III. NOTICE OF CLASS ACTION SETTLEMENT
The parties have stipulated to a "Notice of Class Action Settlement" form, the revised version of which is attached as an exhibit to this Order. The Court has reviewed the notice and finds it appropriate. In addition, the Court finds that the procedures for notifying potential members of this collective action and Settlement Agreement set forth in the "Notice of Class Action Settlement" are satisfactory.
IV. CONCLUSION
The Court hereby FINDS and ORDERS as follows:
1. The Joint Motion for Preliminary Approval of the Parties Settlement (ECF No. 54) is GRANTED;
2. The Court CERTIFIES a class with the following definition: "Delivery Drivers employed by Defendants between April 20, 2015 and August 6, 2020, who have not previously opted-in this matter."

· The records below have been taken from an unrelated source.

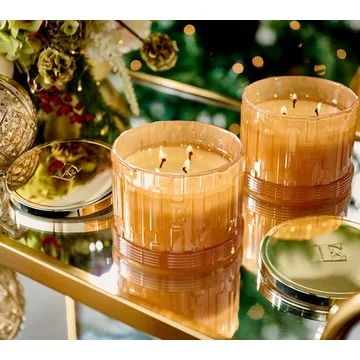 Elton John by Slatkin + Co. S/2 14oz Ginger Spiced Pudding Candles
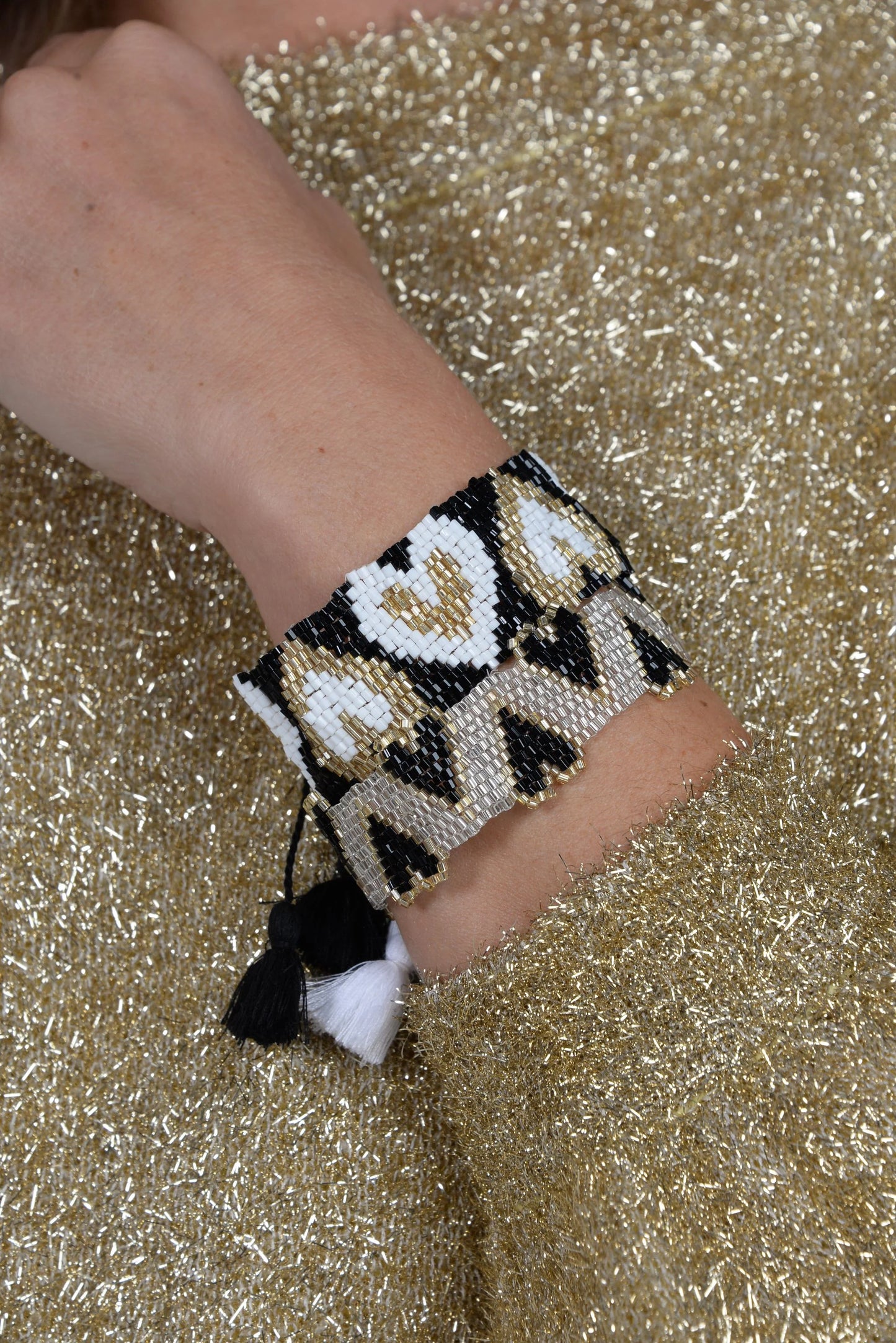 Beaded Bracelets - Winter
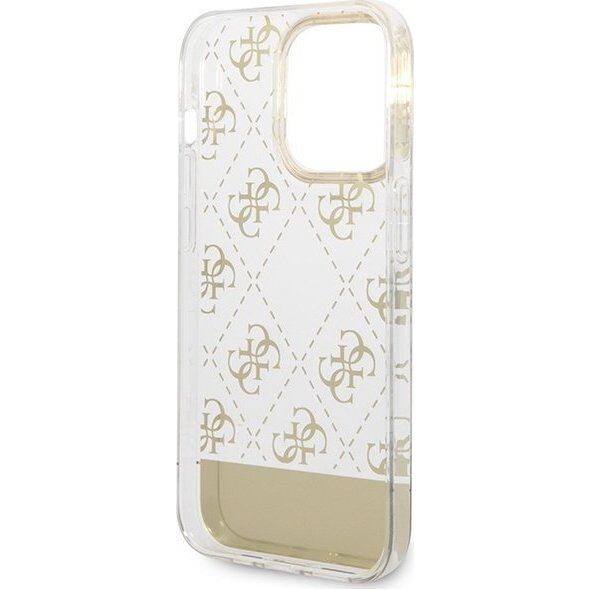 Guess Etui Guess GUHCP14XHG4MHG Apple iPhone 14 Pro Max złoty/gold hardcase 4G Pattern Script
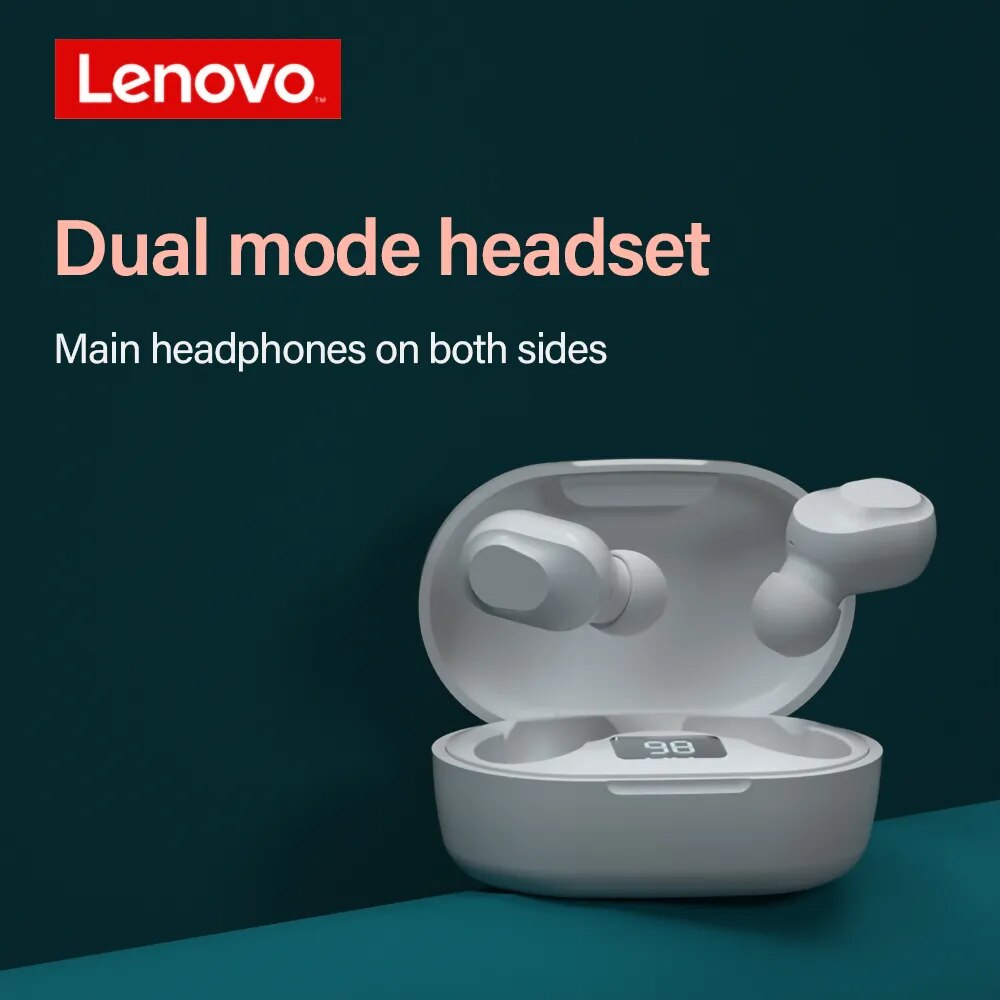 Lenovo Original XT91 Wireless Bluetooth Headphones Gaming Headset TWS Earphone Touch Control Stereo bass With Mic Noise Reductio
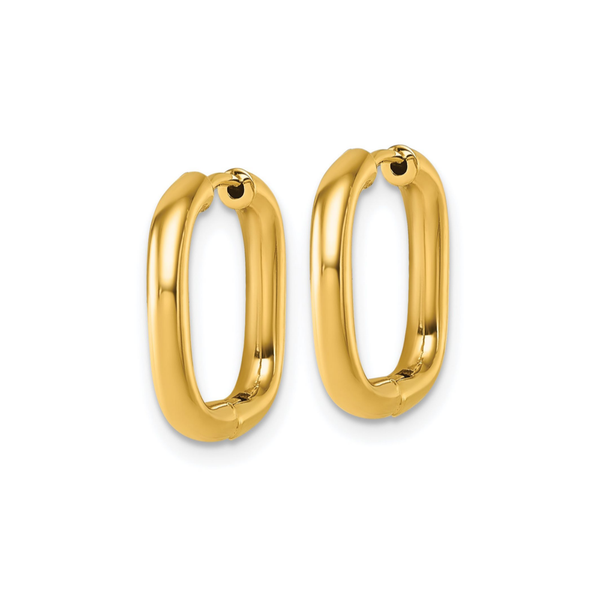 Hoop Earrings in 14K Yellow Gold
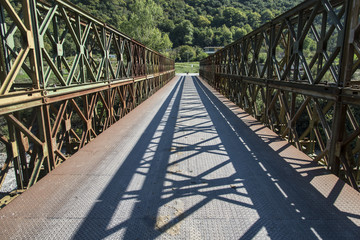 Old metal bridge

3. The Settlement Agreement (ECF No. 54-1) is PRELIMINARILY APPROVED as fair and reasonable;
4. The revised proposed class notice as modified by the parties is APPROVED, and is attached as an exhibit to this Order;
5. The Joint Motion for Telephonic Status Conference (ECF No. 61) is DENIED AS MOOT;
6. The Settlement Administrator, agreed to be the Parties pursuant to the terms of the Settlement Agreement, shall complete distribution of the Court-approved notice to all Class Members by August 16, 2020. Further, within three days of completing the distribution, McKeon SHALL FILE a Notice of Completion of Mailing notifying the Court when the mailing has been completed;
7. The mailing of the class notice form will commence a 60-day notice period and any objections to the Settlement Agreement must be post-marked or received by the Settlement Administrator no later than October 15, 2020;
8. Settlement Class members who wish to join the collective action must sign and submit the Claim Form attached to the Notice of Class Action settlement by October 15, 2020;
9. Settlement Class members who wish to be excluded from the collective action must provide written notice of their desire to be excluded to the Settlement Administrator by October 15, 2020;
10. Settlement Class members wishing to object to the Court's approval of the Settlement Agreement shall file their objection in writing with the Court and the parties by October 15, 2020. The parties' counsel shall promptly file any such objection with the Court. Counsel for the parties may file a response to any objections filed as part of, or contemporaneous with, the parties' application for final settlement approval. Plaintiff's counsel may communicate with Settlement Class members regarding their objections and may advise the Court of any Settlement Class members who have communicated that they wish to withdraw their objections. Objections may be withdrawn only with the Court's approval;
11. The parties' motion seeking final approval of the settlement, including counsel's final request for attorneys' fees and costs, and any incorporated responses to objections received, shall by filed with the Court and served on any timely objectors no later than October 22, 2020, 21 days before the fairness hearing. Any written responses to this motion shall be filed with the Court no later than October 29, 2020, 14 days before the fairness hearing. These deadlines for Court filings do not alter the obligation to comply with the 60-day period for submitting any written objections, as set out above;
12. A fairness hearing is scheduled for November 12, 2020 at 9:30 a.m. at the United States District Court for the District of Colorado, Alfred A. Arraj Building, 901 19th Street, Denver, Colorado 80294-3589, in Courtroom A801 to determine whether the Court will give final approval to the Settlement Agreement; and
13. Any class member who has submitted an objection in writing within the 60-day period set forth above may appear at the fairness hearing and be heard as to why the Settlement Agreement should not be approved as fair, reasonable, and adequate; why a judgment should not be entered upon the settlement; or why attorneys' fees and expenses should not be awarded to class counsel. Any class member who fails to object or otherwise request to be heard will be deemed to have waived the right to object to the settlement.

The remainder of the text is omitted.